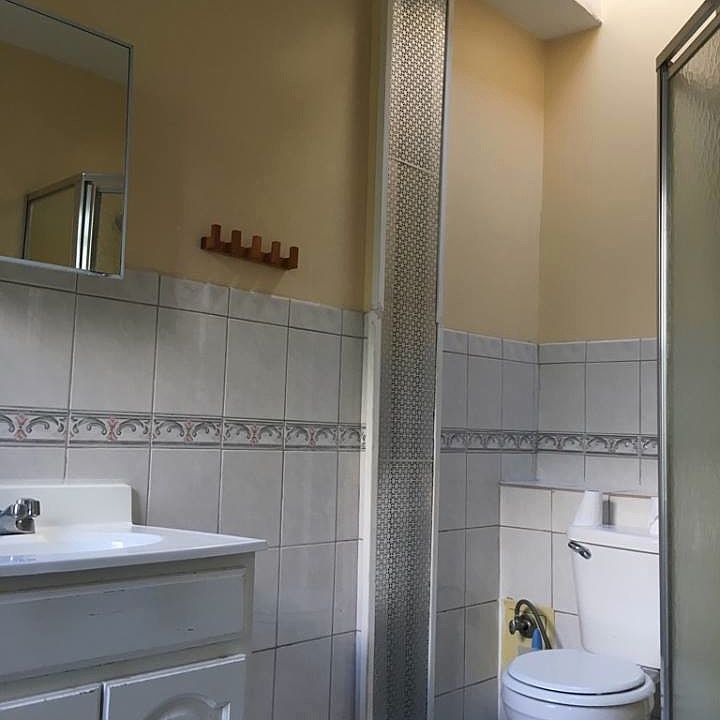 2nd image of 253 20th St APT 2
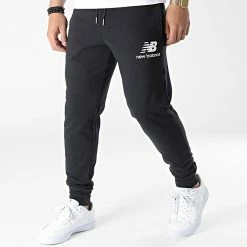 Coupon 🧨 Pantalon Jogging Essential MP03558 Noir de New Balance 🥰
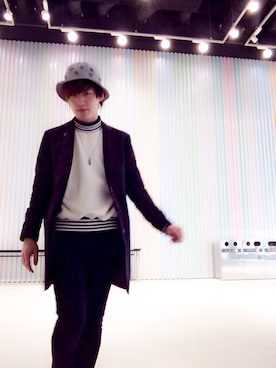 「ボーダーニット」｜「アイテム（スウェット）」を使った、松岡 雅士さん（メンズ・172cm）の冬コーディネート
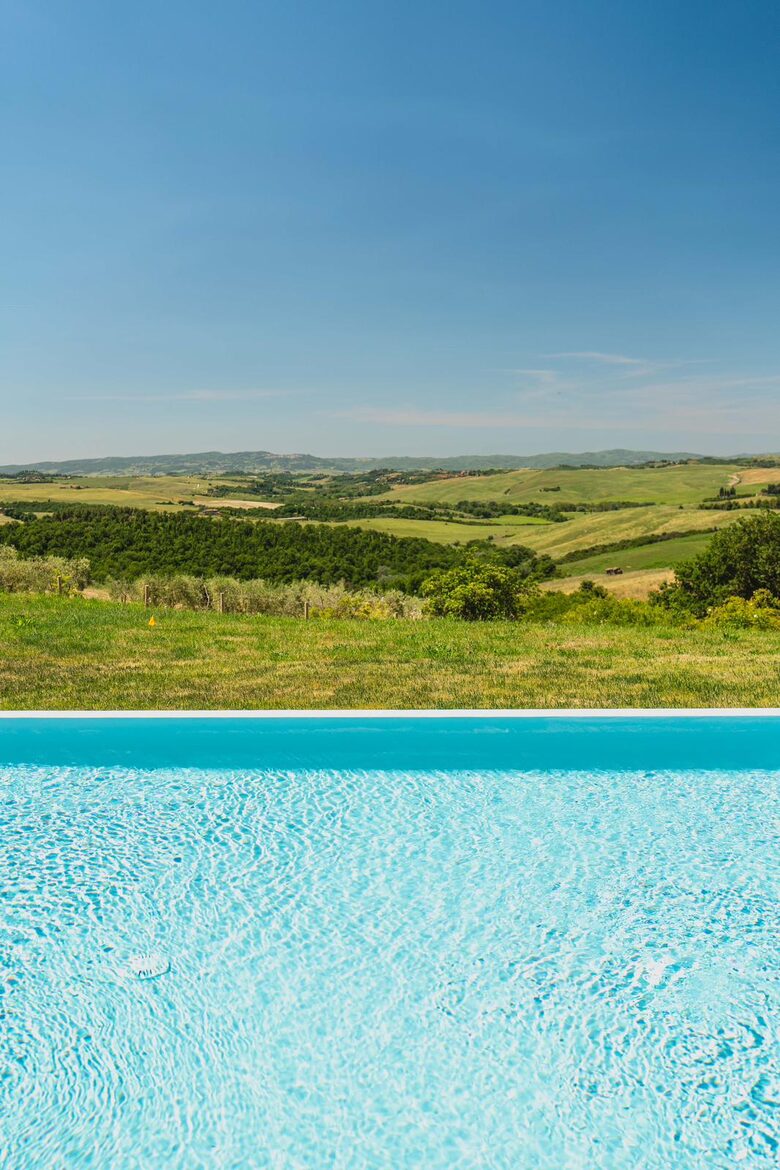 A Room At "Agriturismo Sole" - Trequanda, Italy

*What you should do*:
Output the lines above in full and exactly. Leave out every picture.

*Solution for this task*:
 2nd image of 253 20th St APT 2
 Coupon 🧨 Pantalon Jogging Essential MP03558 Noir de New Balance 🥰
 「ボーダーニット」｜「アイテム（スウェット）」を使った、松岡 雅士さん（メンズ・172cm）の冬コーディネート
 A Room At "Agriturismo Sole" - Trequanda, Italy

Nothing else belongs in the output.